◆ Dataset extract ◆
______
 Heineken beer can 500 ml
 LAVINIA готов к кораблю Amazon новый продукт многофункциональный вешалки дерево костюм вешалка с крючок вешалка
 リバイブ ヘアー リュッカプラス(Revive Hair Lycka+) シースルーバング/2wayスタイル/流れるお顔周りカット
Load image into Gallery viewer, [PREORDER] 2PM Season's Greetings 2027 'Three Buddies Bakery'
______
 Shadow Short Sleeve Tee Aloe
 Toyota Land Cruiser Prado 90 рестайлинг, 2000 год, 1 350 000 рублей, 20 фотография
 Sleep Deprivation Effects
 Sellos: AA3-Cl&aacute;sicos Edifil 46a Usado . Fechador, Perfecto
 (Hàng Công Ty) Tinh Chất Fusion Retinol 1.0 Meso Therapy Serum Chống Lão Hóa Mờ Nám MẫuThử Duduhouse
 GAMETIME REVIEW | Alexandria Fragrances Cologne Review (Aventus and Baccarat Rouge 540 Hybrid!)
______
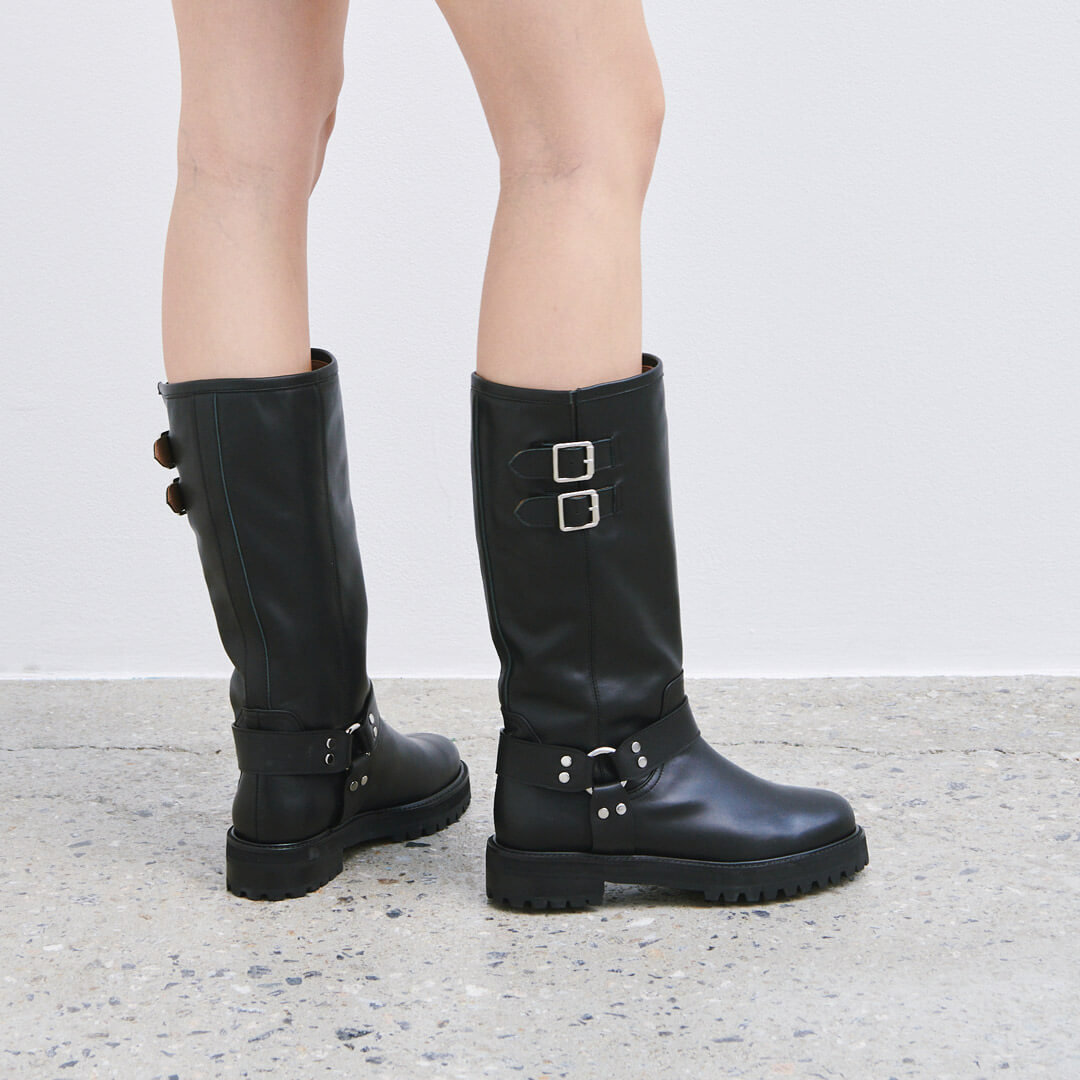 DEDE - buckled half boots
______
◆ Your task ◆
Copy word for word the stretch of entries above from the line that has "Sleep Deprivation Effects" through the line that has "GAMETIME REVIEW |", both ends included, and nothing outside it.

◆ Answer box ◆
 Sleep Deprivation Effects
 Sellos: AA3-Cl&aacute;sicos Edifil 46a Usado . Fechador, Perfecto
 (Hàng Công Ty) Tinh Chất Fusion Retinol 1.0 Meso Therapy Serum Chống Lão Hóa Mờ Nám MẫuThử Duduhouse
 GAMETIME REVIEW | Alexandria Fragrances Cologne Review (Aventus and Baccarat Rouge 540 Hybrid!)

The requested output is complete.